In particolare, con la “riforma” del sistema pensionistico - l’ennesima - che si muove nel solco di quella del governo di centrosinistra del 1995, si è fatto un altro decisivo passo nel senso dell’impoverimento progressivo della massa dei lavoratori: blocco degli adeguamenti automatici all’inflazione per gran parte dei pensionati, estensione immediata del criterio contributivo, innalzamento immediato dell’età per la pensione di vecchiaia, di fatto, a settant’anni con le penalizzazioni per chi maturerà 42 anni di contributi prima dei 62 anni di età.

A tutto questo si aggiungono, tra l’altro,gli aumenti dell’Iva e quelli delle accise sui carburanti che, come ha detto il presidente della Corte dei Conti, porteranno un ulteriore aumento dell’inflazione stimato “prudenzialmente” all’uno per cento. Il crimine sociale continua.

Ma già si annuncia la prossima manovra perché i mercati vedano che l’Italia fa sul serio. E già si torna a parlare di “riforma” del mercato del lavoro. Si tratterà di rendere ancora più facili i licenziamenti. Si tratterà di neutralizzare l’ultima barriera rappresentata dall’articolo 18 dello Statuto dei Lavoratori. E l’effetto, come per l’innalzamento dell’età pensionabile, non sarà soltanto quello immediato e diretto di un aumento dei licenziamenti nelle aziende con più di quindici dipendenti, ma anche quello indiretto, psicologico. In altri termini, tanto la paura del licenziamento in generale, quanto la paura del licenziamento in età avanzata, senza più la possibilità di andarsene in pensione dopo poco tempo, permetteranno al padronato di usufruire pienamente dello spettro della disoccupazione per comprimere i salari e intensificare lo sfruttamento. Finalmente la legge della domanda e dell’offerta nel mercato del lavoro potrà agire liberamente! Finalmente il ruolo di depressione dei salari che giuoca la massa dei disoccupati non troverà norme contrattuali o leggi che ne ostacolino gli effetti. E questo lo chiamano “governo tecnico”!

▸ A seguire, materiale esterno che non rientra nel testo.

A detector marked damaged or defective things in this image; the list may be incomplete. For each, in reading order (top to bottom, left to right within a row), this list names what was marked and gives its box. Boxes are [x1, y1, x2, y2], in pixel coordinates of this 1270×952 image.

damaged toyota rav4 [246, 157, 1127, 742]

In realtà, non si è visto da tempo un governo più “politico”. Politico nel senso più profondo, nel senso che riassume il significato e il ruolo del potere politico come difensore degli interessi dell’intero sistema capitalistico.

Bisogna che si faccia sentire la voce dei lavoratori. Questa necessità è e sarà sempre più avvertita nella misura in cui la salvaguardia degli interessi dei grandi gruppi capitalistici spingerà i governi di tutto il mondo a spremere gli operai e a tagliare, un po’ alla volta, pezzi di “stato sociale”. Ma da che cosa e come cominciare? Intanto dalla partecipazione a tutte le iniziative, che siano scioperi o manifestazioni, indette dai sindacati o dai delegati di base di singole aziende. Poi dalla elaborazione di alcune poche e fondamentali rivendicazioni che vadano nel senso di una risposta d’insieme della classe lavoratrice. Se, per fare un esempio, nelle principali città industriali, fossero diffuse da gruppi di operai organizzati volantini con la spiegazione di queste stesse rivendicazioni e se attorno all’organizzazione, al bilancio, al proseguimento di questa attività si formasse una rete di militanti, questa sarebbe un bel passo avanti. Non sarebbe certo ancora la risposta generale della classe lavoratrice, ma sarebbe un passo concreto per dare un orientamento sicuro alle prossime inevitabili lotte.